That recognition prompted her to enroll in a master of fine arts in photography program at George Washington University, where her mentor Ray Metzker “understood that I was interested in photography as a way to allude to emotions, sensations and a psychological world not so easily accessible.”
From “barquitos from the archive (…who do you miss the most?),” archival pigment print on Epson Transparency Film and lightbox, 2019.
Courtesy of the artist
Literature, especially the works of Marcel Proust and Jorge Luis Borges, inspired her, too, Hasbun said, and thus, “photography became a powerful language for me — to try to describe a world underneath the surface of things, while paying attention, looking and recording the sensuality and presence of worlds around and within us.
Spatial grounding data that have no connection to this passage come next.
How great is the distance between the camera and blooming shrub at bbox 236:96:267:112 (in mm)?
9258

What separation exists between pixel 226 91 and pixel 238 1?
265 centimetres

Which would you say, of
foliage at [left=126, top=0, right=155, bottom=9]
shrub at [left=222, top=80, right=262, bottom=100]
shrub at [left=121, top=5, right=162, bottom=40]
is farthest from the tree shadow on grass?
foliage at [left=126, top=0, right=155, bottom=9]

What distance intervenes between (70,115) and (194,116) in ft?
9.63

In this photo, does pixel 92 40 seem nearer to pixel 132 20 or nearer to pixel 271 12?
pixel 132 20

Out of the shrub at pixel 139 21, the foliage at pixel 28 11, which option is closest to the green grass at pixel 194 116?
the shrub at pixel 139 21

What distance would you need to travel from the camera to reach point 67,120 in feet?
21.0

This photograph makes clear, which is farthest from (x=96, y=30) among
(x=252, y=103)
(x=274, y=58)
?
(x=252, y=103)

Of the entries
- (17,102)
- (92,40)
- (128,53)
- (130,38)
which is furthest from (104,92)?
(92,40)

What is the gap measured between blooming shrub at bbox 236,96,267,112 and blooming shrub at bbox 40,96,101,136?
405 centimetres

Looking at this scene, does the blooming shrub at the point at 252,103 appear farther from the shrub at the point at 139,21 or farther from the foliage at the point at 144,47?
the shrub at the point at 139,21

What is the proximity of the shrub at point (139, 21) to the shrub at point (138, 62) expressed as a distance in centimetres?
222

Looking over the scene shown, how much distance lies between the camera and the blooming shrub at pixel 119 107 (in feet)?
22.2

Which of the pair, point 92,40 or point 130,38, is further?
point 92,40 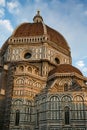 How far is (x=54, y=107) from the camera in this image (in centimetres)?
2555

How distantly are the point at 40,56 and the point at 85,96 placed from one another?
1212cm

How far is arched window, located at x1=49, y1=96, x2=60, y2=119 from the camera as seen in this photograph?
82.4 ft

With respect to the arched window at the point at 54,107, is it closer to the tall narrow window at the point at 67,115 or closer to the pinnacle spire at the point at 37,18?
the tall narrow window at the point at 67,115

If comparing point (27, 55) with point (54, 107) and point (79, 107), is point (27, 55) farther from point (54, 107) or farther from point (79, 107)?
point (79, 107)

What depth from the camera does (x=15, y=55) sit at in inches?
1396

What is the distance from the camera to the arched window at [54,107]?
25125 mm

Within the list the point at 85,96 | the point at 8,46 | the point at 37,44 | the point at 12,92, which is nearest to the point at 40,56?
the point at 37,44

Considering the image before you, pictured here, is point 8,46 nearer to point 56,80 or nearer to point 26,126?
point 56,80

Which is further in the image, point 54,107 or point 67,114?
point 54,107

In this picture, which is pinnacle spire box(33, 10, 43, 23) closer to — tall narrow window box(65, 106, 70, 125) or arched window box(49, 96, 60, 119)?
arched window box(49, 96, 60, 119)

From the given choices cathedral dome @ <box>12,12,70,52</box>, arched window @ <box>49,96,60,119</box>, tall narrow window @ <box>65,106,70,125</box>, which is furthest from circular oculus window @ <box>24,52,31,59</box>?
tall narrow window @ <box>65,106,70,125</box>

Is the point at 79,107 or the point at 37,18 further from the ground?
the point at 37,18

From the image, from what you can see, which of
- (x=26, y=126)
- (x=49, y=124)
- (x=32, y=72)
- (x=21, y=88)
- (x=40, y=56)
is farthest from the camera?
(x=40, y=56)

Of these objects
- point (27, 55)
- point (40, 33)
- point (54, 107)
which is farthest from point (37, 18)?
point (54, 107) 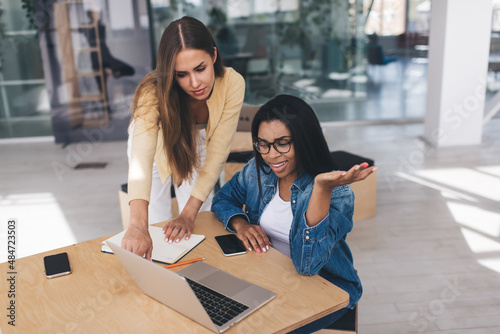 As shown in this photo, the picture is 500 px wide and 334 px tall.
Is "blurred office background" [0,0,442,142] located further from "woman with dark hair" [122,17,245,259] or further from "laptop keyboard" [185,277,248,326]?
"laptop keyboard" [185,277,248,326]

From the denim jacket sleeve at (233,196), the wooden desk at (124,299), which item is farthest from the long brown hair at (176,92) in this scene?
the wooden desk at (124,299)

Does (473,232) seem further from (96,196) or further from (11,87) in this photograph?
(11,87)

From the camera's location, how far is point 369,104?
23.0 feet

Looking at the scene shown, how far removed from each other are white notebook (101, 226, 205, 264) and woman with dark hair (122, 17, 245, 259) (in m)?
0.03

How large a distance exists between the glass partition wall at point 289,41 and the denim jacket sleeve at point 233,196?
16.1 feet

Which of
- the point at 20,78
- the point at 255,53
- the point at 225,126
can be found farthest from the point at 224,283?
the point at 20,78

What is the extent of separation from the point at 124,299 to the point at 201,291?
0.21m

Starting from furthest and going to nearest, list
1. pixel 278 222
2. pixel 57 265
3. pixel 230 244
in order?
1. pixel 278 222
2. pixel 230 244
3. pixel 57 265

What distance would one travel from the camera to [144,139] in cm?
181

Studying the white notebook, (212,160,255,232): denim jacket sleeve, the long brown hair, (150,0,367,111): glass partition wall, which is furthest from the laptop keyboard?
(150,0,367,111): glass partition wall

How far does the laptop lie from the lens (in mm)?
1085

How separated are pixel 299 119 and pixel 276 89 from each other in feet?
17.5

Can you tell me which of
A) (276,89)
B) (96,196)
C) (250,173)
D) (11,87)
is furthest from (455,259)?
(11,87)

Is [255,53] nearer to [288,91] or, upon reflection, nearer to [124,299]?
[288,91] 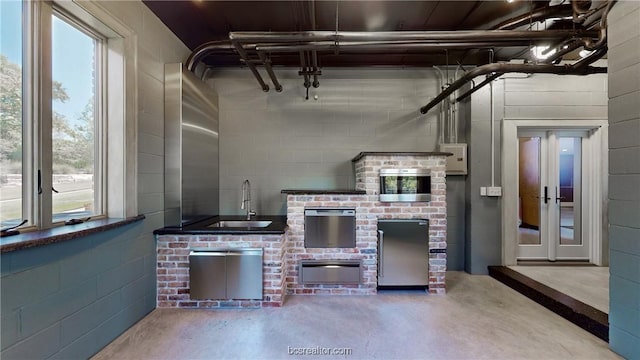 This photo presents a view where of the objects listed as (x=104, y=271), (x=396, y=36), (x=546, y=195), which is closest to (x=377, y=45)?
(x=396, y=36)

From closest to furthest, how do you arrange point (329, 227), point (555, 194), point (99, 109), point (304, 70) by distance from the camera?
1. point (99, 109)
2. point (329, 227)
3. point (304, 70)
4. point (555, 194)

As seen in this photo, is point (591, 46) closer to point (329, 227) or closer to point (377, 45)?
point (377, 45)

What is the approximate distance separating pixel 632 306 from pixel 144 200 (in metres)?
4.22

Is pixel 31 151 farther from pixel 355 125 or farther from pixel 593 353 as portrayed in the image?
pixel 593 353

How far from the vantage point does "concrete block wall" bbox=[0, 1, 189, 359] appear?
5.07ft

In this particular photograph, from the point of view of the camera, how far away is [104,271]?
2.11 m

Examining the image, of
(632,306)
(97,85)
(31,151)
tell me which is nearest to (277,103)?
(97,85)

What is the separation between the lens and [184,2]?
8.70 feet

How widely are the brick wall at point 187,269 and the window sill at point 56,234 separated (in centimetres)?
60

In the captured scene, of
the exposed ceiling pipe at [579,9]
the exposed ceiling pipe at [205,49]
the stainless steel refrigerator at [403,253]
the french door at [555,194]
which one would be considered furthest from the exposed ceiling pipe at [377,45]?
the stainless steel refrigerator at [403,253]

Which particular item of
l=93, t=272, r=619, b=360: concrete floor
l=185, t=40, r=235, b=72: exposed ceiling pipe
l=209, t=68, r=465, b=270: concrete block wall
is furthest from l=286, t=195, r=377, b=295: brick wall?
l=185, t=40, r=235, b=72: exposed ceiling pipe

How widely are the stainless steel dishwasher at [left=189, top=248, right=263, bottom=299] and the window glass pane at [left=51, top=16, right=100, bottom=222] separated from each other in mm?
1071

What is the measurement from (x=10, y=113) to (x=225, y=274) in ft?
6.65

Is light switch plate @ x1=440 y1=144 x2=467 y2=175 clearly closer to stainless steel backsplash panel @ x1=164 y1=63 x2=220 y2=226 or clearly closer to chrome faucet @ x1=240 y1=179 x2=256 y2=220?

“Photography would soon become not only a vehicle to express who I was, but a refuge against silence and forgetting, where I could construct my own sense of identity, memory and place in the world.”
What Hasbun finds compelling about photography is its “ability to capture the light that bounced off a person that is no longer there as the most poignant metaphor for our plight and existence. Everything changes, loss and death are part of the life that we hold so dear,” she explained. “Yet, we mark our presence, we document, we connect, we build a life and our histories with both the riches and the secrets that we receive, carry and pass on.”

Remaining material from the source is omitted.